# Recursive Feature Elimination (RFE)
This procedure is used to eliminate predictors (or dependent variables) that will not have influence on the outcome of a classifier. It works by recursively removing features from a model and estimating the model accuracy with the remaining features.

In order to illustrate how it works, I will use the function `make_classification` from sklearn.datasets in order to create a binary classification problem.

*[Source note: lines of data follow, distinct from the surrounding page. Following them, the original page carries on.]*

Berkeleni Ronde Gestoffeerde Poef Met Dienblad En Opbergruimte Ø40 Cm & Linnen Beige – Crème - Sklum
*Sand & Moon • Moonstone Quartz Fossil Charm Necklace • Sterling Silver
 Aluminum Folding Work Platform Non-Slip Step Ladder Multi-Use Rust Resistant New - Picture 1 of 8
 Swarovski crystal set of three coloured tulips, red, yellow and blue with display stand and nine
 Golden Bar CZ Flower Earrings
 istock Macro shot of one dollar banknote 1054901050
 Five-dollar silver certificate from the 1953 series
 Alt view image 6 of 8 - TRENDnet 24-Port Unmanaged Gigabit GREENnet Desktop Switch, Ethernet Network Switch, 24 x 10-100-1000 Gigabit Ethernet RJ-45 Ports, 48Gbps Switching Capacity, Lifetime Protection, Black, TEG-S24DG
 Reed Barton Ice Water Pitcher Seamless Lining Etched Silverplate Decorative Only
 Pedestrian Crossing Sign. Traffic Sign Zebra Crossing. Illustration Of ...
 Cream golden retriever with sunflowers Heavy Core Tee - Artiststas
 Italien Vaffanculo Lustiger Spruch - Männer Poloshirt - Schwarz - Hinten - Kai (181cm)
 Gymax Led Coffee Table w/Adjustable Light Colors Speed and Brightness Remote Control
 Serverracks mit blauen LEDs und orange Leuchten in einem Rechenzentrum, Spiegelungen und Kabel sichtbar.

In this case I will create a dataset with 4 predictors, two of which will not be informative and will be discarded by RFE

In [1]:
from sklearn.datasets import make_classification
X, y = make_classification(n_samples=5000, n_features=4, n_informative=2,
                           n_redundant=2, n_repeated=0, n_classes=2,
                           n_clusters_per_class=1,
                           random_state=0)

In [3]:
from sklearn.feature_selection import RFE
from sklearn.linear_model import LogisticRegression

# I will create the RFE model for the logistic regression classifier
logreg = LogisticRegression()

# In this case, we will select 2 features
rfe = RFE(logreg, 2)

In [4]:
rfe = rfe.fit(X, y)

In [5]:
# print summaries for the selection of attributes
print(rfe.support_)
print(rfe.ranking_)

[ True  True False False]
[1 1 3 2]


The information returned by `rfe.support_` indicates what predictors were selected (TRUE) or discarded by RFE. In this case only the first 2 features were selected.  
`rfe.ranking` returns information on the orden of selection of the features, being the first and second features the first 2 followed by the 4th and finally the 3rd feature.